Starting with the line containing "Fendi Bicolor FF" and going on through the line containing "Victoria's Secret Swim", return the lines of the data below exactly, and only those.

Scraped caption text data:
........
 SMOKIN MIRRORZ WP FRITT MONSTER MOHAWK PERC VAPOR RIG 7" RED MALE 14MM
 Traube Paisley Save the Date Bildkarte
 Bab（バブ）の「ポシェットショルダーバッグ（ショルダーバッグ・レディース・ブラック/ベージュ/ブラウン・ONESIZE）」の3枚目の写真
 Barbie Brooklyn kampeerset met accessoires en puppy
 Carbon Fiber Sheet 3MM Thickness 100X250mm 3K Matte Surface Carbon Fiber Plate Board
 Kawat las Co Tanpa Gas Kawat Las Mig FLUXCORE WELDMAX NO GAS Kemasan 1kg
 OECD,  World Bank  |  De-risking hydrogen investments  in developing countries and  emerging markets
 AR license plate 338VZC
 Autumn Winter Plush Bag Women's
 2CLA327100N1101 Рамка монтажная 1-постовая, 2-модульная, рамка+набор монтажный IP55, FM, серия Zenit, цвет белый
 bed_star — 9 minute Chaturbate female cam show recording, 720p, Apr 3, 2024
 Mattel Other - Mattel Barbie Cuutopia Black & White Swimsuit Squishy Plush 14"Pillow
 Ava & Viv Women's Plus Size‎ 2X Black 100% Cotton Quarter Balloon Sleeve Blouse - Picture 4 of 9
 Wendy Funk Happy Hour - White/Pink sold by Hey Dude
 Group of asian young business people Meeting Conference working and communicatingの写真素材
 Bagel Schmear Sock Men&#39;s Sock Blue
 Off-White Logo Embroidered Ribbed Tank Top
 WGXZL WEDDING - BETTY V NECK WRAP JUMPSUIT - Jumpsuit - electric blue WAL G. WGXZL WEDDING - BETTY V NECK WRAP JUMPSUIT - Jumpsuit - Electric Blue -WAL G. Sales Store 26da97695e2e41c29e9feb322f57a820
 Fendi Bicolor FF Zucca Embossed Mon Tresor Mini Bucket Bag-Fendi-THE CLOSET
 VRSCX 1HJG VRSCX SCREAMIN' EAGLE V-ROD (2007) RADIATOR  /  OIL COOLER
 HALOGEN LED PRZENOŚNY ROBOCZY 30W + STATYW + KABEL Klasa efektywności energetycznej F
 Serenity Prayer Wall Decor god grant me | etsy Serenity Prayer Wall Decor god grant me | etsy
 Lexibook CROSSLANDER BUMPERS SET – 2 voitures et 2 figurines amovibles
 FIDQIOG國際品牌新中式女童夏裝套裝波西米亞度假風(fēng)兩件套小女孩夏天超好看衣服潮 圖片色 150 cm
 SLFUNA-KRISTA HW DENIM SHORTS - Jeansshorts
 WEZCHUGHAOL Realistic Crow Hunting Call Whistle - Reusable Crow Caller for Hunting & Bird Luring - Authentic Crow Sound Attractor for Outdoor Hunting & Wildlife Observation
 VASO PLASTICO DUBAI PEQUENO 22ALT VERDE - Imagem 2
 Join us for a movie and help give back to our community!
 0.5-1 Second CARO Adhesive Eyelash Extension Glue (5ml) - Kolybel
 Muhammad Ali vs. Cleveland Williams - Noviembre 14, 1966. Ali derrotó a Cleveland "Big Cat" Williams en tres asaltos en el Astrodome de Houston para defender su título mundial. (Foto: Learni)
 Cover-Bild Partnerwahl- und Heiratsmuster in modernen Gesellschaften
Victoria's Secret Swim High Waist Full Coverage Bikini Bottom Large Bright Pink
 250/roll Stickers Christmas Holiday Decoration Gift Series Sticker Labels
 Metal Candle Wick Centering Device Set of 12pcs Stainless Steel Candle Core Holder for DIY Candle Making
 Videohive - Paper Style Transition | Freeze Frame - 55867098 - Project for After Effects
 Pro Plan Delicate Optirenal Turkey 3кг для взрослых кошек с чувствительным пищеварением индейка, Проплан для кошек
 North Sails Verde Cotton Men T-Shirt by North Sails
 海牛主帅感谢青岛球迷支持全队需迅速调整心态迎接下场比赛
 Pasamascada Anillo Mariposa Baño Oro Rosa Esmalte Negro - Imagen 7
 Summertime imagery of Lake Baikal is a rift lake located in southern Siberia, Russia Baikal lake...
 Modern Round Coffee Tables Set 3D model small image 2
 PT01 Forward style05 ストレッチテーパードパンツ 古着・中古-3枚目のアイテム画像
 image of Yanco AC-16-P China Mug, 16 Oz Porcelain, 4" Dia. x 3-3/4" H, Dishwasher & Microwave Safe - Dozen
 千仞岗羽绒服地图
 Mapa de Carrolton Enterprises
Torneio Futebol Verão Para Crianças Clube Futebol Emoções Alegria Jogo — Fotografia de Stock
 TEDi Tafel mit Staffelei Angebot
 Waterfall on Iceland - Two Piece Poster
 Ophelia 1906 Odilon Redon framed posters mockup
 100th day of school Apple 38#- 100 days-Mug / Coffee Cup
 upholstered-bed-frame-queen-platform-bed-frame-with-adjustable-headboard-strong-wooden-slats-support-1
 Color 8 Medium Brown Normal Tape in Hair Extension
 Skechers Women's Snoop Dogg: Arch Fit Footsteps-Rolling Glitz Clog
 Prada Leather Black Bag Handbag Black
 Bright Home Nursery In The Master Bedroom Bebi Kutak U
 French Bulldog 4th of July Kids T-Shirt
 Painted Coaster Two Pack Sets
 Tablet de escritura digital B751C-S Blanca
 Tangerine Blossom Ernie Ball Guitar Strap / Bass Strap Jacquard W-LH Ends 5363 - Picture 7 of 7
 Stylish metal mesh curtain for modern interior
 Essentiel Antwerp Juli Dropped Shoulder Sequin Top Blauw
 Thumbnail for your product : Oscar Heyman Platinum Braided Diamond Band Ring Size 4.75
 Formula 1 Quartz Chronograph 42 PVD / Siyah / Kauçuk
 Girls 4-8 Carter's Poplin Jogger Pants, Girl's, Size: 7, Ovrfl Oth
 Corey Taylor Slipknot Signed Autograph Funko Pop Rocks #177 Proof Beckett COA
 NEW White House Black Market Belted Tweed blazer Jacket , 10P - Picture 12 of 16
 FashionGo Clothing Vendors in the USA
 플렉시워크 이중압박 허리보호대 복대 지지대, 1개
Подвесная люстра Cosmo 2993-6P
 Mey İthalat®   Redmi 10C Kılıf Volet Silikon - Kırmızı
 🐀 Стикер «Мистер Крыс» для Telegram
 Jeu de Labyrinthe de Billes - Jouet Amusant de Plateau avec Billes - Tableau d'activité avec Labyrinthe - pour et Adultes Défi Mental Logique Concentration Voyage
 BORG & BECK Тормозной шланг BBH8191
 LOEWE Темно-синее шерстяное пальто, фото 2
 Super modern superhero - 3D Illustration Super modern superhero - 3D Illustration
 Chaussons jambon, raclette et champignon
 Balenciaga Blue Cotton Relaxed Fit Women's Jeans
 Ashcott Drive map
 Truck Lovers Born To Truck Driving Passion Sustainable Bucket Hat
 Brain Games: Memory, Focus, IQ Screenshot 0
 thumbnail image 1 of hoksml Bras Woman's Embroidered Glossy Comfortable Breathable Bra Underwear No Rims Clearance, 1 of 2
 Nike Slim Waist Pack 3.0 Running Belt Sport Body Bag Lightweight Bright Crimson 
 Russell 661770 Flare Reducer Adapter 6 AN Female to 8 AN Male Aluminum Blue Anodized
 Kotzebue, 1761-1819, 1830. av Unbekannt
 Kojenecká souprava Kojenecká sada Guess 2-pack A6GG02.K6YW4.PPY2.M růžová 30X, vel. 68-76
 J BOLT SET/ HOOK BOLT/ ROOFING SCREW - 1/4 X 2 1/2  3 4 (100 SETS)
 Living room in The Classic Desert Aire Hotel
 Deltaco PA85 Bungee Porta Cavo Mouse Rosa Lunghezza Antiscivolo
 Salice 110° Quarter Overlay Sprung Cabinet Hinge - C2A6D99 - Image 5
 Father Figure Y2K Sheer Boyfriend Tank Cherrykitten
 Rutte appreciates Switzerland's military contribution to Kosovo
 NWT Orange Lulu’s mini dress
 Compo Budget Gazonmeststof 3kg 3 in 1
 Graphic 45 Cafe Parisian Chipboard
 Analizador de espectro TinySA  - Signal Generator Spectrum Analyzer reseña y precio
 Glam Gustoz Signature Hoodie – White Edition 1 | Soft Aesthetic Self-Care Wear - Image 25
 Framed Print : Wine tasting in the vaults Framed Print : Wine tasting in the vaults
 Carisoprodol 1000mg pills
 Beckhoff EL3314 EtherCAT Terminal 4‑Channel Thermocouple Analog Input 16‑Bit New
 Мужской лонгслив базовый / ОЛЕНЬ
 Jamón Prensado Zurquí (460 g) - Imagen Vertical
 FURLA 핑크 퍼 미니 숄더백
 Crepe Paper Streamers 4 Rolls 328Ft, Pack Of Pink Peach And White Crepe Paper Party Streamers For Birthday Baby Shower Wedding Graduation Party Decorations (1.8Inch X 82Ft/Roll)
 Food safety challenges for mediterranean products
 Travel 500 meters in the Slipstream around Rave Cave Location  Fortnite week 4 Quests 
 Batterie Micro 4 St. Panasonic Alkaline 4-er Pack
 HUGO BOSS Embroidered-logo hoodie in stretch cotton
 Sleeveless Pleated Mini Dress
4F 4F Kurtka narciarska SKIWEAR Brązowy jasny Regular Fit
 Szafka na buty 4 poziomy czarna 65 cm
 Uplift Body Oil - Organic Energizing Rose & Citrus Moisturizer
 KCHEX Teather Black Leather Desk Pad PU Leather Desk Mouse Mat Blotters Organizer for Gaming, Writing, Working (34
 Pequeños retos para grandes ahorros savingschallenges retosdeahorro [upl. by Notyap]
........
Answer to this problem:
 Fendi Bicolor FF Zucca Embossed Mon Tresor Mini Bucket Bag-Fendi-THE CLOSET
 VRSCX 1HJG VRSCX SCREAMIN' EAGLE V-ROD (2007) RADIATOR  /  OIL COOLER
 HALOGEN LED PRZENOŚNY ROBOCZY 30W + STATYW + KABEL Klasa efektywności energetycznej F
 Serenity Prayer Wall Decor god grant me | etsy Serenity Prayer Wall Decor god grant me | etsy
 Lexibook CROSSLANDER BUMPERS SET – 2 voitures et 2 figurines amovibles
 FIDQIOG國際品牌新中式女童夏裝套裝波西米亞度假風(fēng)兩件套小女孩夏天超好看衣服潮 圖片色 150 cm
 SLFUNA-KRISTA HW DENIM SHORTS - Jeansshorts
 WEZCHUGHAOL Realistic Crow Hunting Call Whistle - Reusable Crow Caller for Hunting & Bird Luring - Authentic Crow Sound Attractor for Outdoor Hunting & Wildlife Observation
 VASO PLASTICO DUBAI PEQUENO 22ALT VERDE - Imagem 2
 Join us for a movie and help give back to our community!
 0.5-1 Second CARO Adhesive Eyelash Extension Glue (5ml) - Kolybel
 Muhammad Ali vs. Cleveland Williams - Noviembre 14, 1966. Ali derrotó a Cleveland "Big Cat" Williams en tres asaltos en el Astrodome de Houston para defender su título mundial. (Foto: Learni)
 Cover-Bild Partnerwahl- und Heiratsmuster in modernen Gesellschaften
Victoria's Secret Swim High Waist Full Coverage Bikini Bottom Large Bright Pink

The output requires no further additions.